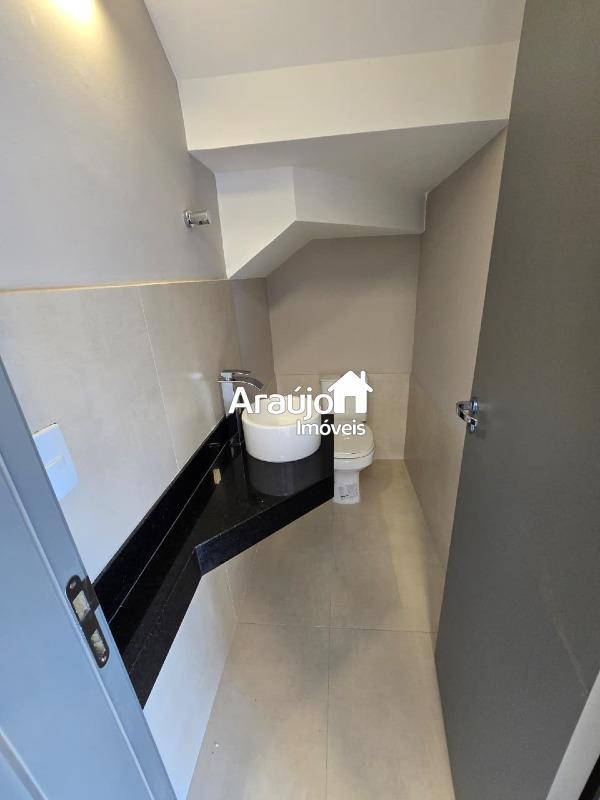 Sobrado à venda no Plano Diretor Sul: 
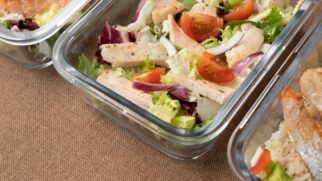 Técnicas corretas de congelamento ajudam a preservar sabor, textura e nutrientes das marmitas saudáveis, além de reduzir riscos de contaminação alimentar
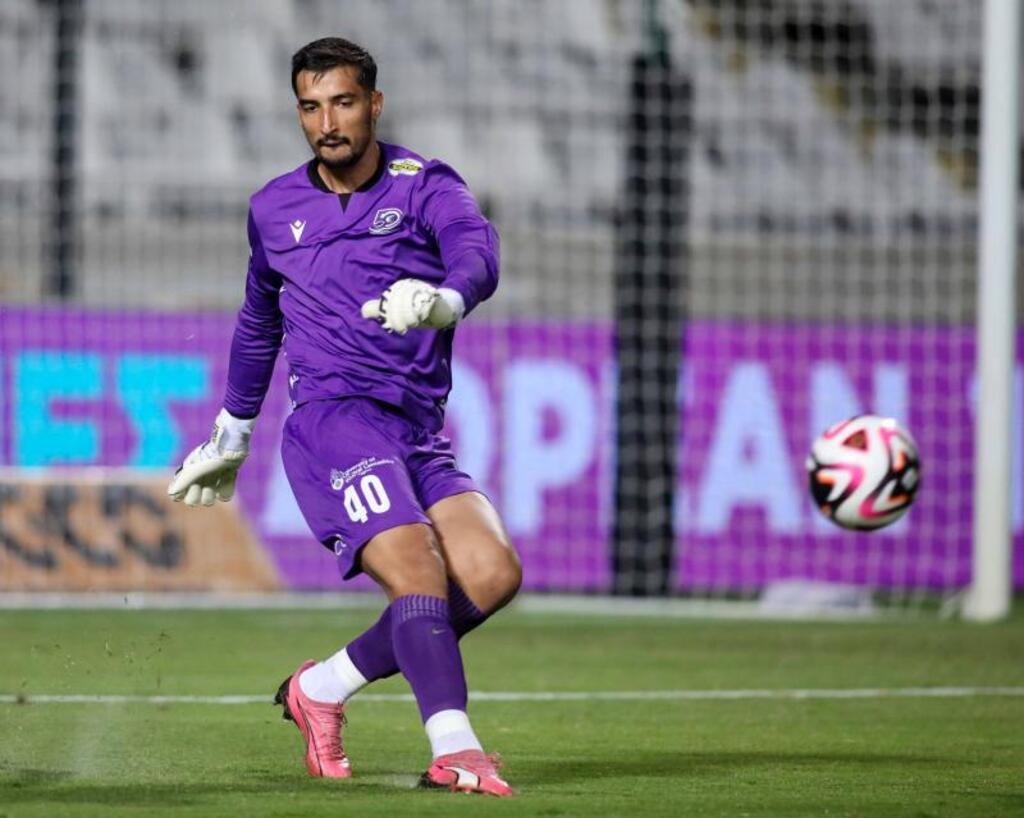 Foto: Ethnikos Achnas (Divulgação) - Natural de São Pedro do Sul, atleta começou no Novo Horizonte e atualmente defende o Ethnikos Achnas, do Chipre.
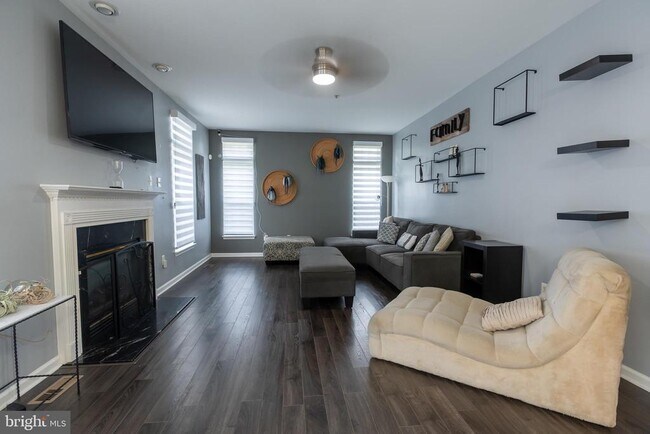 Foto del edificio - 6004 Glenn Station Ct
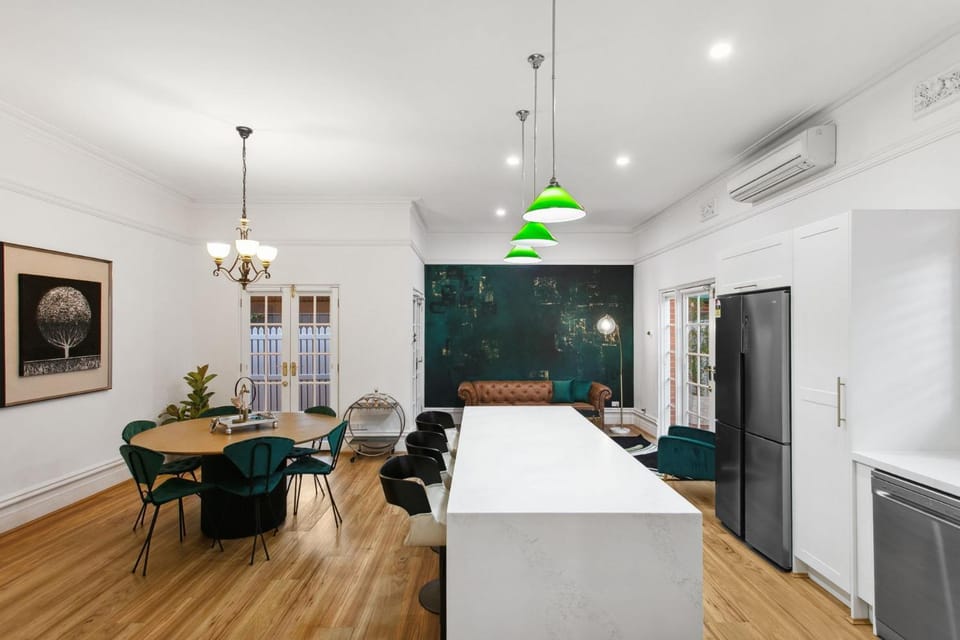 Kitchen or kitchenette, Decorative detail, Dining area, Family, kitchen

Exercise brief
Pictures aside, set down the lines from the one containing "Técnicas corretas de" through the end of the records above, exactly and only those.

Task output
 Técnicas corretas de congelamento ajudam a preservar sabor, textura e nutrientes das marmitas saudáveis, além de reduzir riscos de contaminação alimentar
 Foto: Ethnikos Achnas (Divulgação) - Natural de São Pedro do Sul, atleta começou no Novo Horizonte e atualmente defende o Ethnikos Achnas, do Chipre.
 Foto del edificio - 6004 Glenn Station Ct
 Kitchen or kitchenette, Decorative detail, Dining area, Family, kitchen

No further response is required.